Hair care has been going in the opposite direction in most developed markets though, where cash-strapped middle-class consumers typically seek out the most attractive value-for-money deals. Oftentimes this “deal of the week” culture has sounded the death knell for brand loyalty.
True, there is a trend toward affordable premium branding in Western Europe and the U.S., as evidenced by the bullish results of fashion and accessory players such as Mulberry, Coach and Michael Kors, but it is not visible in beauty and personal care categories, at least not to date.
The affordable luxury trend might present an opportunity going forward, however, as consumers in developed markets are increasingly prepared to treat themselves to luxury items, provided they are positioned at accessible price points. This is very different from the aspiration-fueled consumption of emerging markets. It is more a nostalgia-fueled consumption that harkens back to better times. The question is whether a category such as hair care can successfully tap into it.
The best opportunities would be for colorants, conditioners and styling agents—which, as non-staple hair care products, can more realistically leverage “treat yourself” consumption patterns, and there is already some evidence of this happening. Colorants was the best performing hair care category in Western Europe in 2011, for example, based on incremental growth. And conditioners, colorants and styling agents each outperformed shampoo in the U.S. in 2011.
Eco-friendly products are another potential way to beat the downward curve in Western markets. Despite weaker real spending power, the sustainability agenda is getting bigger, fueled by a Facebook culture of online opinions and consumer reviews. There is little doubt this sharing has brought the sustainability debate—and its relevance to consumer products—to a much wider and more influential mainstream audience.
Brands such as P&G’s Pro-V Nature Fusion, a line packaged in sugarcane-based bottles, illustrate how sustainability is increasing in importance in the hair care category. Brands that flex biodegradable credentials (free from silicones, parabens, sulfates and dyes, for example) are also coming increasingly into the market. Timotei Organic Delight and Garnier Fructis Pure Clean are recent cases.
Boutique M&A and Niche Categories
Beauty brand owners are looking more closely at niche categories too, where market maturity is not a barrier to growth.

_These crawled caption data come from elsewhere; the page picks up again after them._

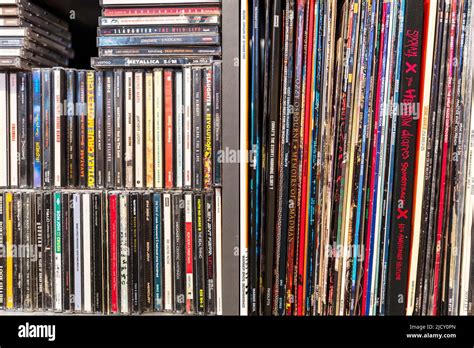 Collection De Disques En Vinyle Cd Collection De Cd Pochettes De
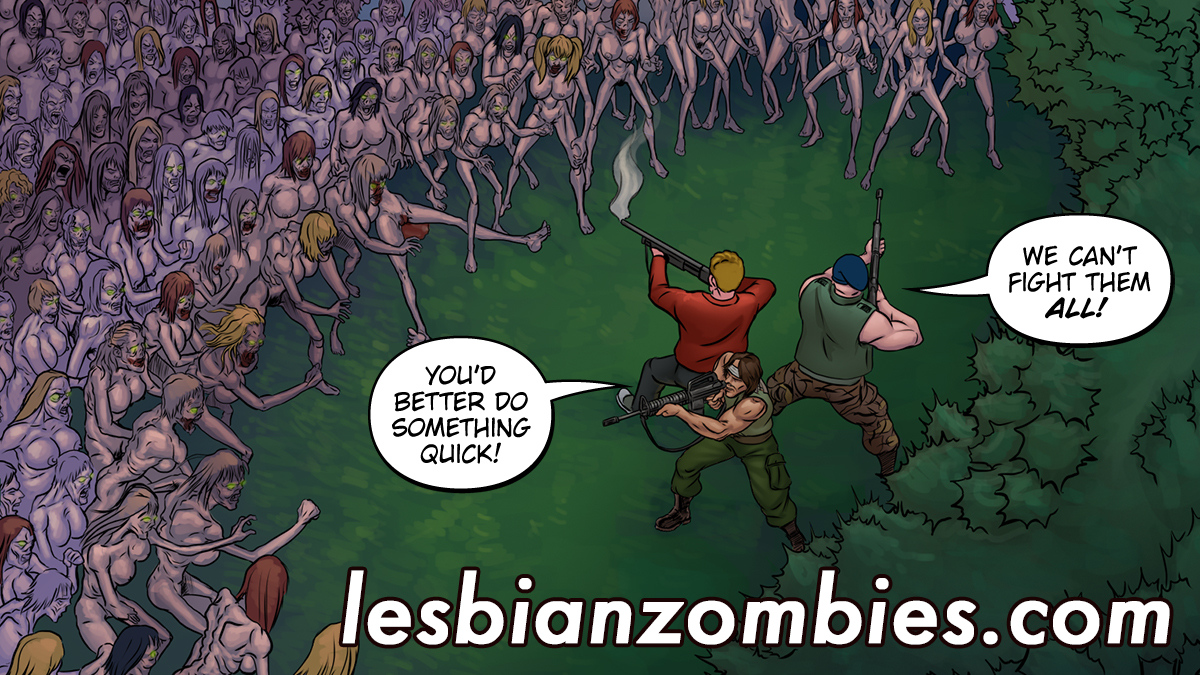 Ace and the Bros make a last stand in Lesbian Zombies From Outer Space.

lesbianzombies.com

#comics #horrorcomic #zombies #funny #lesbians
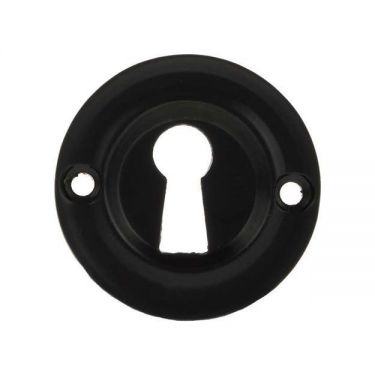 Click Here To Enlarge This Photo Of Atlantic - OERKEMB Old English Solid Brass Standard Key Escutcheons - Matt Black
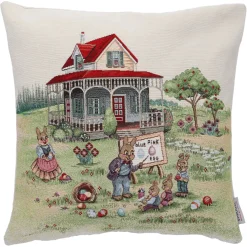 Kissenhulle "Haschenschule"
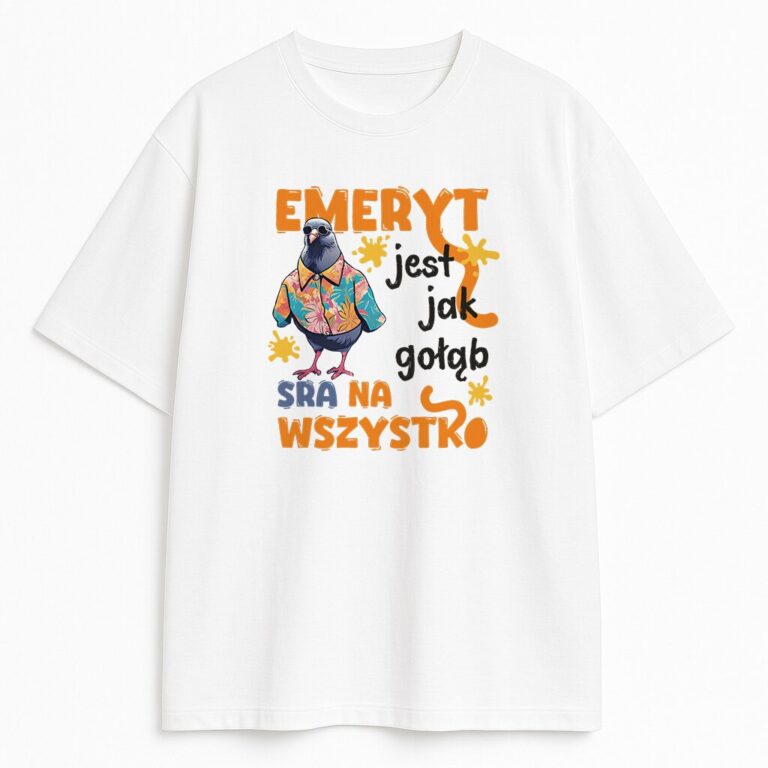 T-shirt Emeryt Jak Gołąb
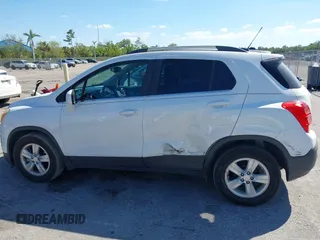2016 Chevrolet Trax LT with VIN 3GNCJLSB5GL141743, listed as a IAAI auction lot 41795102 with 159,024 mi miles. Bid and sale history available at carsss.com. Image 6.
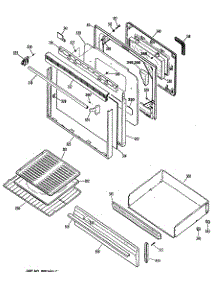 03 - Section3 parts for Ge Range JGBP35GEP3 from AppliancePartsPros.com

Hair loss treatments, for example, generated value growth of 5% in Western Europe last year, and it was one of only three categories to stave off a contraction in Japan. These types of niche products have a small revenue footprint, but they present attractive margins.
Boutique M&A represents a way to build a profile in these lower-profile markets. Church & Dwight’s 2011 acquisition of the Batiste Dry shampoo brand in the U.K. is a case in point. Retail sales of Batiste summed around $43 million in 2011, according to Euromonitor International.
And PZ Cussons’ purchase of male hair care and grooming brand Fudge was another boutique deal in a category where there is plenty of room for growth. Approximately half of Fudge’s sales were in the U.K. last year, and the other half in Australia and New Zealand.
Both Batiste and Fudge are low-impact players in the bigger hair care picture, but they present attractive value-enhancing potential in markets where growth in mainstream products is stymied. Crucially, they can expand into new territories under the control of bigger distribution systems.
Over the next five years, we could see more of this type of boutique M&A. Although a dominant share of new business will continue to be located in emerging markets, the battle for share is up for grabs in developed markets, and the development of niche categories, eco-friendly brands and products that showcase affordable pampering could make all the difference.
Ultimately, consumers put plenty of stock in looking good; to that end, they have a propensity to spend money on their hair, even when times are tough. In developed markets, that is the silver lining of opportunity. In emerging markets, it is the springboard for new product development, with the challenge of satisfying the preferences of numerous consumer groups.